I really need to use a table but no matter what I set the width to, it just displays it as 100% in firefox, and in IE there are no problems. Here is the code that i'm using:

*

*



Is there any way to add something to that make it work in FF or should I use something different? Thanks for the help.


----------



## erick295

That's the correct way of doing it. There's probably something wrong elsewhere in your code.

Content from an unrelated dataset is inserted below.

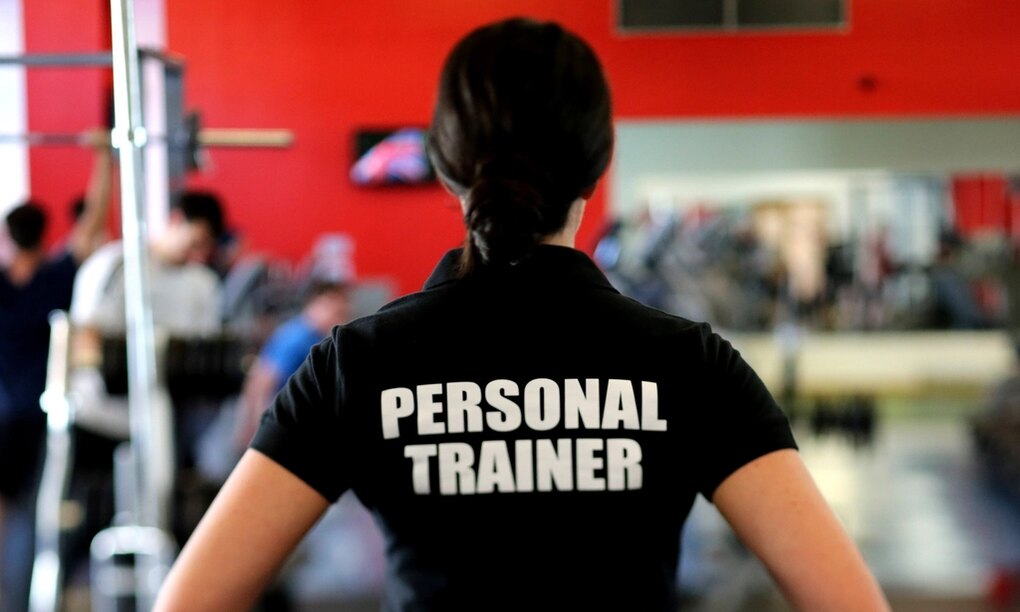Back view of a personal trainer standing in a gym with a red wall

Try validating it: http://validator.w3.org/


----------



## Shadow2531

Assuming you have a proper doctype, your code is valid and your doctype puts the browser in standards mode, then you have to ask yourself, "60% of what?".

e.g.


Code:


<!DOCTYPE html PUBLIC "-//W3C//DTD XHTML 1.0 Strict//EN" "http://www.w3.org/TR/xhtml1/DTD/xhtml1-strict.dtd">
<html xmlns="http://www.w3.org/1999/xhtml" lang="en-us" xml:lang="en-us">
    <head>
        <title>table width</title>
        <meta http-equiv="content-type" content="text/html;charset=utf-8" />
        <style type="text/css">
            html {
                background: #fff;
                color: #000;
                font-size: 1em;
            }
            body {
                margin: 0;
                padding: 8px;
            }
            table#test, table#test2 {
                margin: auto; /* align center */
                text-align: center;
                border: 1px solid #f00;
                width: 60%;
            }
            table#test td, table#test2 td {
                border: 0;
                padding: 0;
            }
            div#cb {
                width: 600px;
                border: 1px solid #000;
                /* left and right auto to align center when you need to set top/bottom */
                margin-left: auto;
                margin-right: auto;
                margin-top: 15px;
                padding: 5px;
            }
        </style>
    </head>
    <body>
        <table id="test">
            <tr>
                <td>Width of this table is 60% of the current width of the viewport</td>
            </tr>
        </table>
        <div id="cb">
            <table id="test2">
                <tr>
                    <td>Width of this table is 60% of its 600px containing block</td>
                </tr>
            </table>
        </div>
    </body>
</html>

Keep in mind, that it's almost certain that Firefox is doing the proper thing in your situation and IE is the one having the problem displaying your code properly. Either way, if the desired look is the IE way, then you'll need to change your code. Make it look right in Firefox and then, if you have to, make it work in IE.


----------